Source-backed implementations are provided below for direct study and interview prep.
// Accepted solution for LeetCode #3692: Majority Frequency Characters
class Solution {
public String majorityFrequencyGroup(String s) {
int[] cnt = new int[26];
for (char c : s.toCharArray()) {
++cnt[c - 'a'];
}
Map<Integer, StringBuilder> f = new HashMap<>();
for (int i = 0; i < cnt.length; ++i) {
if (cnt[i] > 0) {
f.computeIfAbsent(cnt[i], k -> new StringBuilder()).append((char) ('a' + i));
}
}
int mx = 0;
int mv = 0;
String ans = "";
for (var e : f.entrySet()) {
int v = e.getKey();
var cs = e.getValue();
if (mx < cs.length() || (mx == cs.length() && mv < v)) {
mx = cs.length();
mv = v;
ans = cs.toString();
}
}
return ans;
}
}
// Accepted solution for LeetCode #3692: Majority Frequency Characters
func majorityFrequencyGroup(s string) string {
cnt := make([]int, 26)
for _, c := range s {
cnt[c-'a']++
}
f := make(map[int][]byte)
for i, v := range cnt {
if v > 0 {
f[v] = append(f[v], byte('a'+i))
}
}
mx, mv := 0, 0
var ans []byte
for v, cs := range f {
if len(cs) > mx || (len(cs) == mx && v > mv) {
mx = len(cs)
mv = v
ans = cs
}
}
return string(ans)
}
# Accepted solution for LeetCode #3692: Majority Frequency Characters
class Solution:
def majorityFrequencyGroup(self, s: str) -> str:
cnt = Counter(s)
f = defaultdict(list)
for c, v in cnt.items():
f[v].append(c)
mx = mv = 0
ans = []
for v, cs in f.items():
if mx < len(cs) or (mx == len(cs) and mv < v):
mx = len(cs)
mv = v
ans = cs
return "".join(ans)
// Accepted solution for LeetCode #3692: Majority Frequency Characters
// Rust example auto-generated from java reference.
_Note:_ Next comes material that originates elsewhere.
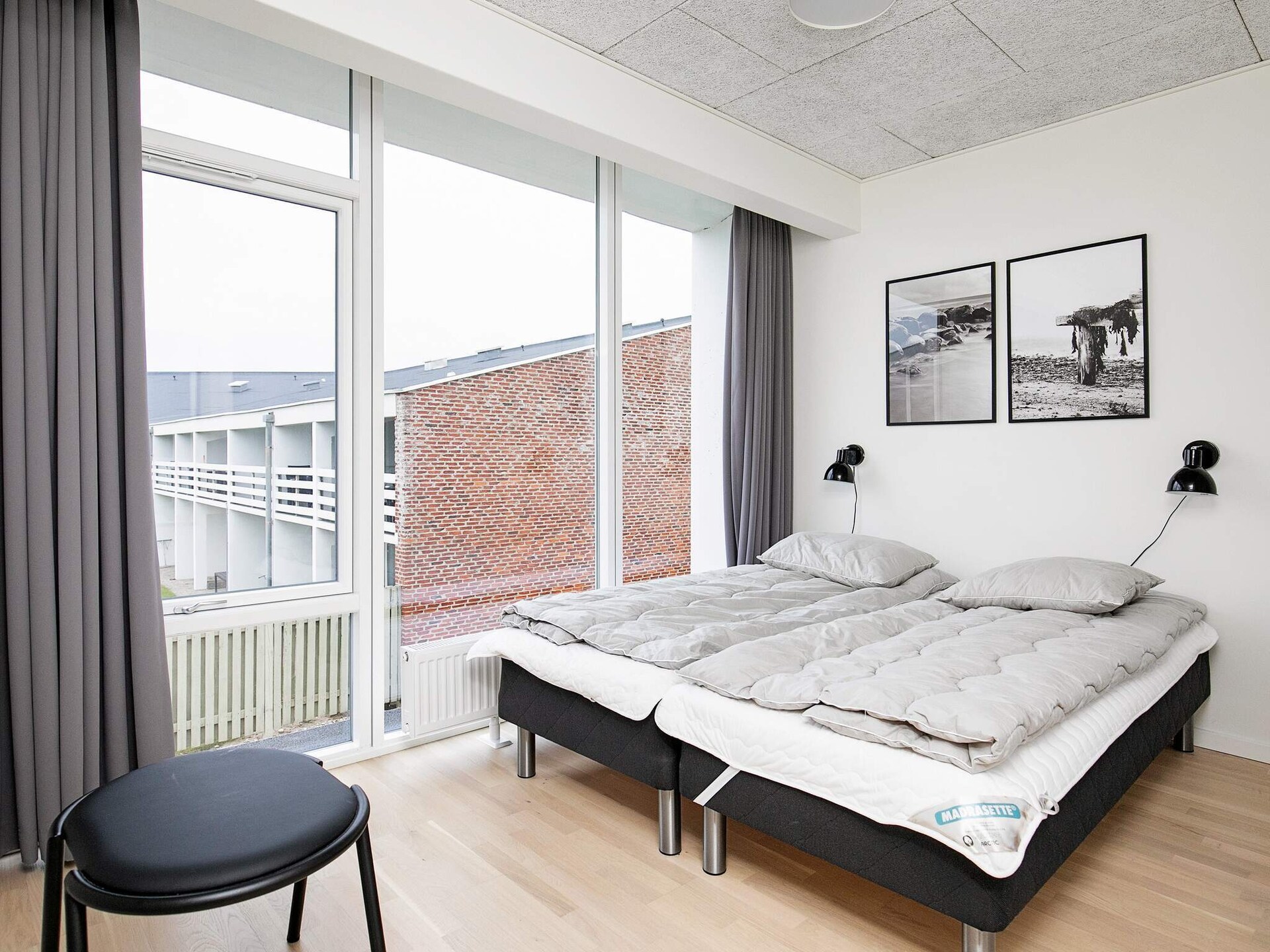 6-persoons luxe appartement aan zee in Ringkøbing - foto 40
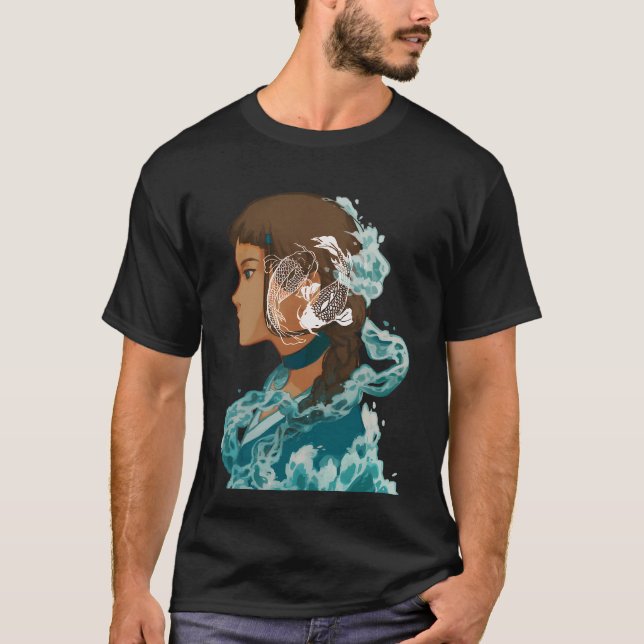 Katara T Shirt (Framsida)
// Replace the signature and local types with the exact LeetCode harness for this problem.
impl Solution {
pub fn rust_example() {
// Port the logic from the reference block below.
}
}
// Reference (java):
// // Accepted solution for LeetCode #3692: Majority Frequency Characters
// class Solution {
// public String majorityFrequencyGroup(String s) {
// int[] cnt = new int[26];
// for (char c : s.toCharArray()) {
// ++cnt[c - 'a'];
// }
// Map<Integer, StringBuilder> f = new HashMap<>();
// for (int i = 0; i < cnt.length; ++i) {
// if (cnt[i] > 0) {
// f.computeIfAbsent(cnt[i], k -> new StringBuilder()).append((char) ('a' + i));
// }
// }
// int mx = 0;
// int mv = 0;
// String ans = "";
// for (var e : f.entrySet()) {
// int v = e.getKey();
// var cs = e.getValue();
// if (mx < cs.length() || (mx == cs.length() && mv < v)) {
// mx = cs.length();
// mv = v;
// ans = cs.toString();
// }
// }
// return ans;
// }
// }
// Accepted solution for LeetCode #3692: Majority Frequency Characters
function majorityFrequencyGroup(s: string): string {
const cnt: Record<string, number> = {};
for (const c of s) {
cnt[c] = (cnt[c] || 0) + 1;
}
const f = new Map<number, string[]>();
for (const [c, v] of Object.entries(cnt)) {
if (!f.has(v)) {
f.set(v, []);
}
f.get(v)!.push(c);
}
let [mx, mv] = [0, 0];
let ans = '';
f.forEach((cs, v) => {
if (mx < cs.length || (mx == cs.length && mv < v)) {
mx = cs.length;
mv = v;
ans = cs.join('');
}
});
return ans;
}
Use this to step through a reusable interview workflow for this problem.
For each element, scan the rest of the array looking for a match. Two nested loops give n × (n−1)/2 comparisons = O(n²). No extra space since we only use loop indices.
One pass through the input, performing O(1) hash map lookups and insertions at each step. The hash map may store up to n entries in the worst case. This is the classic space-for-time tradeoff: O(n) extra memory eliminates an inner loop.
Review these before coding to avoid predictable interview regressions.
Wrong move: Zero-count keys stay in map and break distinct/count constraints.
Usually fails on: Window/map size checks are consistently off by one.
Fix: Delete keys when count reaches zero.